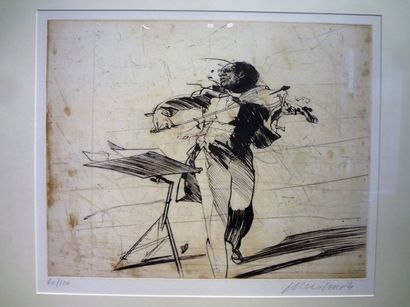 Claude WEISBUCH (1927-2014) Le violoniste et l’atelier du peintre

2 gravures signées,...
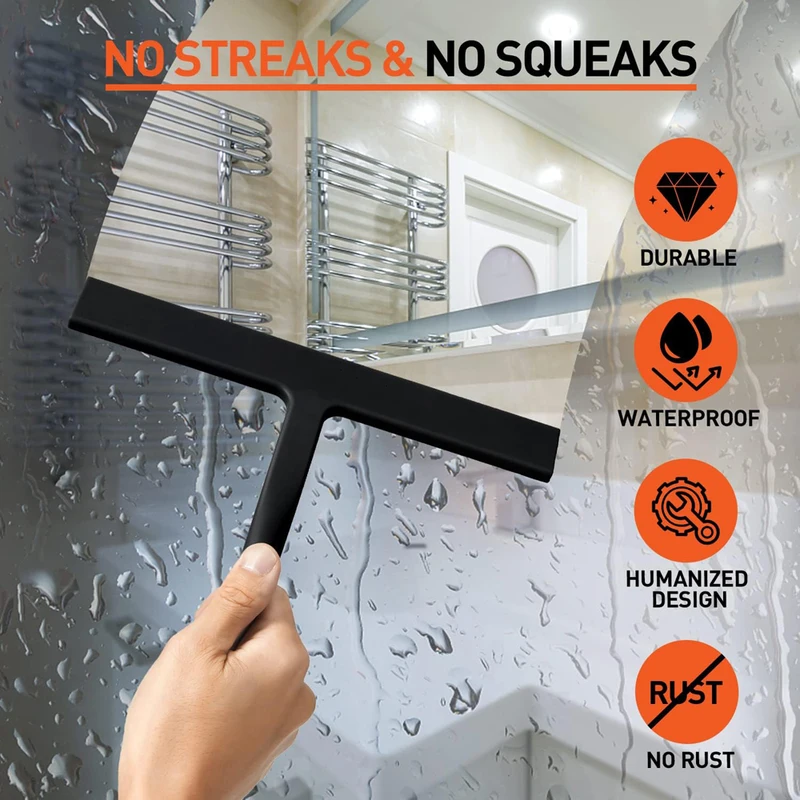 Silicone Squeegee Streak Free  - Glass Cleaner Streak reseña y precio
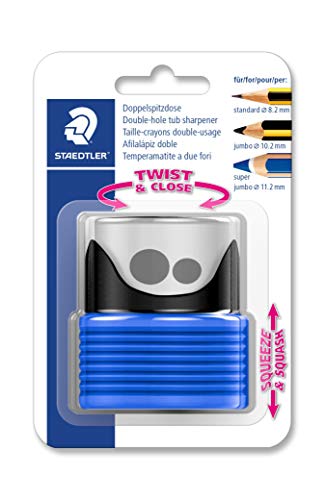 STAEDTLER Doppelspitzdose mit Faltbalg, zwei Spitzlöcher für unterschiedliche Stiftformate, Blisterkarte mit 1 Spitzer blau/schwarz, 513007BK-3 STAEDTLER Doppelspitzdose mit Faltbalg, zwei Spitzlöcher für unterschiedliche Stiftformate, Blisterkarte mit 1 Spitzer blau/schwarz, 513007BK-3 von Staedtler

* * *

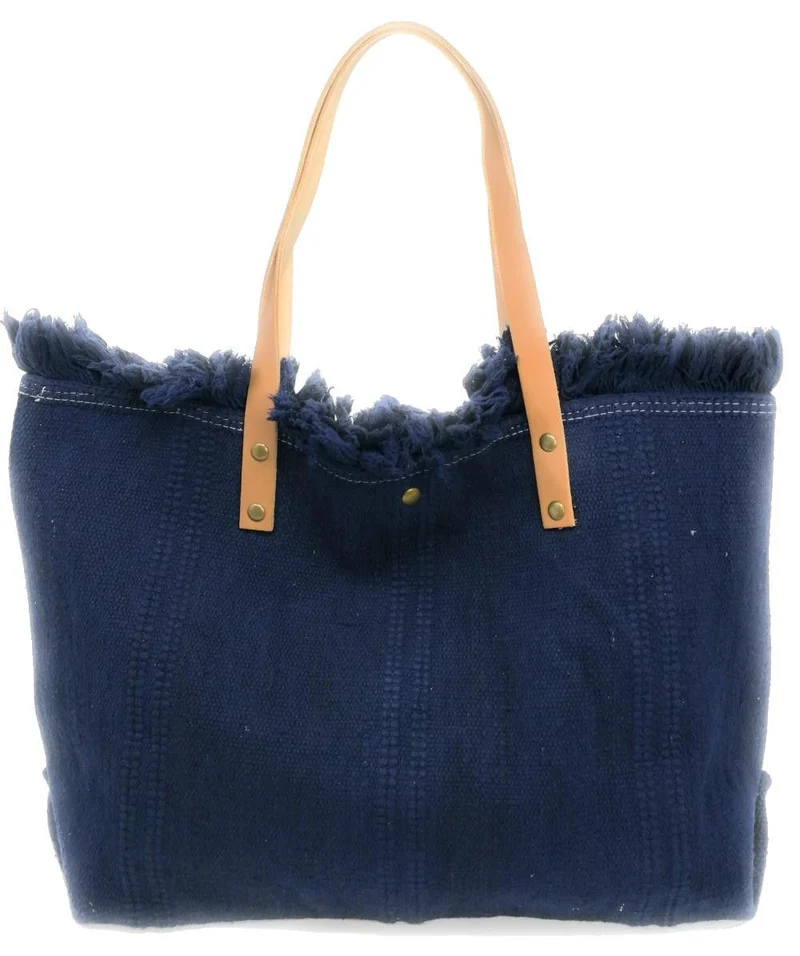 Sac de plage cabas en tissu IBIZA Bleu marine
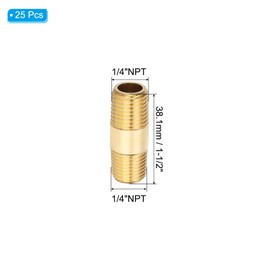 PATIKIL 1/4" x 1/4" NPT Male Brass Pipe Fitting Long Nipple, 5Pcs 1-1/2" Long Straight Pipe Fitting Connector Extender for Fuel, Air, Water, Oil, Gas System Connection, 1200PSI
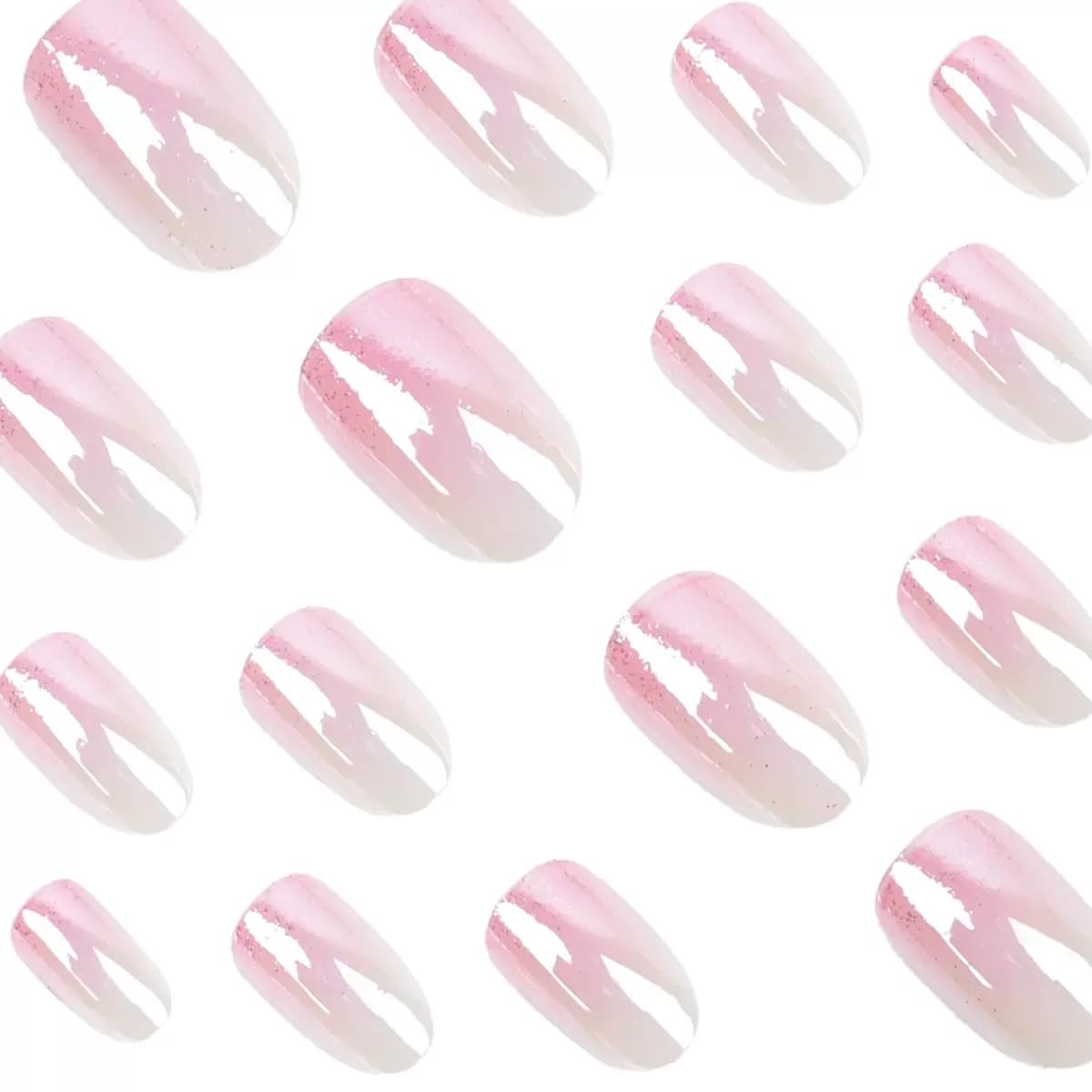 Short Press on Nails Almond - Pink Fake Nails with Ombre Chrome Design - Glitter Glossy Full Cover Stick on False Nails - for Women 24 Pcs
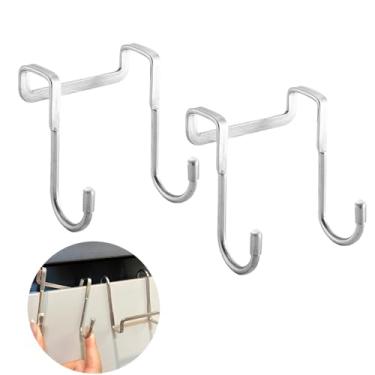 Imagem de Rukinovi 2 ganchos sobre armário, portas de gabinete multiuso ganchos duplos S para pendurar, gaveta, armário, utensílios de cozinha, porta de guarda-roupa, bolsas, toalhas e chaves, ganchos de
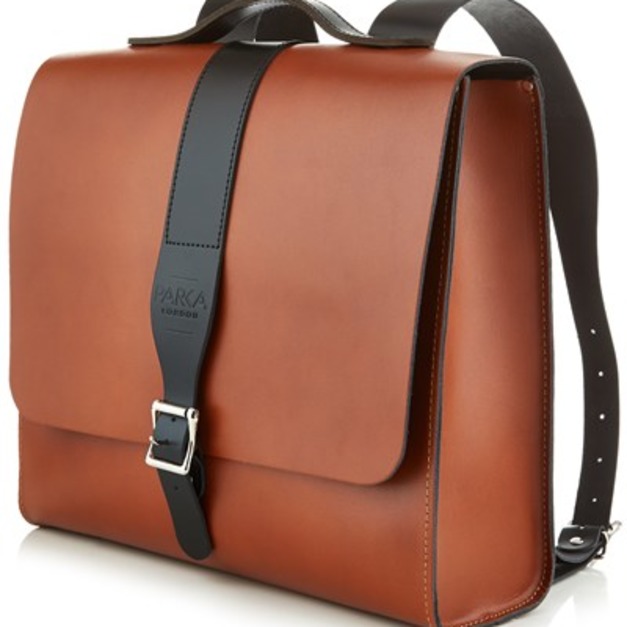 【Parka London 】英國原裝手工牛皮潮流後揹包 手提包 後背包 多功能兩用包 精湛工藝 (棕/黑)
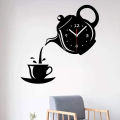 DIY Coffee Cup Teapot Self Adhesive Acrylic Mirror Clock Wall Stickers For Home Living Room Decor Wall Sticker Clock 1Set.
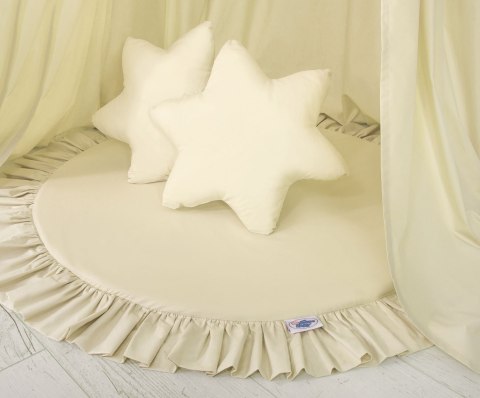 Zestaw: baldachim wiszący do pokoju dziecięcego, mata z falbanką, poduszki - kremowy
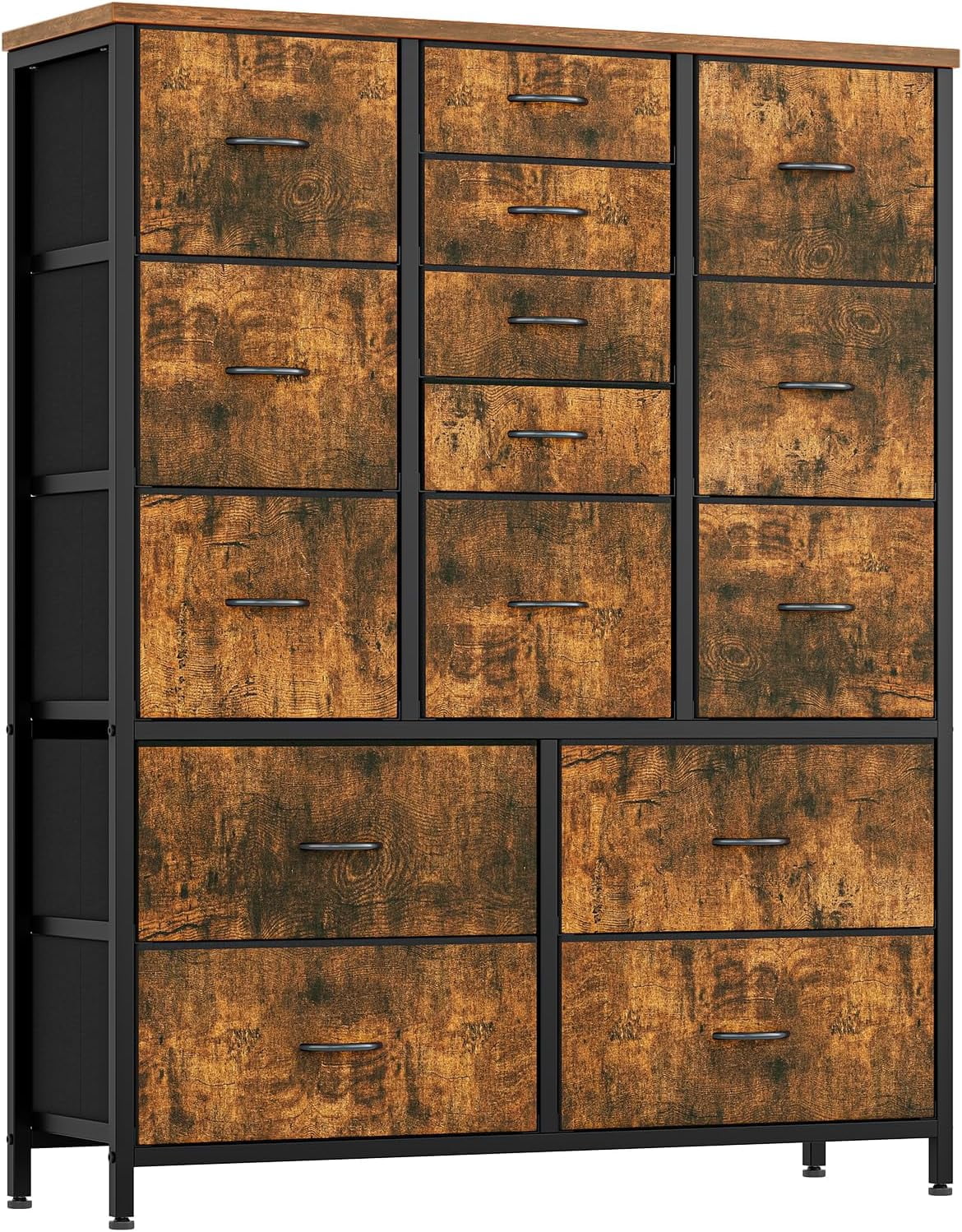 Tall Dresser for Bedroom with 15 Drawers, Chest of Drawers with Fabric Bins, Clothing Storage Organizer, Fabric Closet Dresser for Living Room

WORK TO BE COMPLETED: Within the listing above, write out the stretch from the line with "多功能兩用包 精湛工藝 (棕/黑)" through the line with "Tall Dresser for" exactly. Any pictures are to be left out.

RESPONSE BELOW:
 【Parka London 】英國原裝手工牛皮潮流後揹包 手提包 後背包 多功能兩用包 精湛工藝 (棕/黑)
 DIY Coffee Cup Teapot Self Adhesive Acrylic Mirror Clock Wall Stickers For Home Living Room Decor Wall Sticker Clock 1Set.
 Zestaw: baldachim wiszący do pokoju dziecięcego, mata z falbanką, poduszki - kremowy
 Tall Dresser for Bedroom with 15 Drawers, Chest of Drawers with Fabric Bins, Clothing Storage Organizer, Fabric Closet Dresser for Living Room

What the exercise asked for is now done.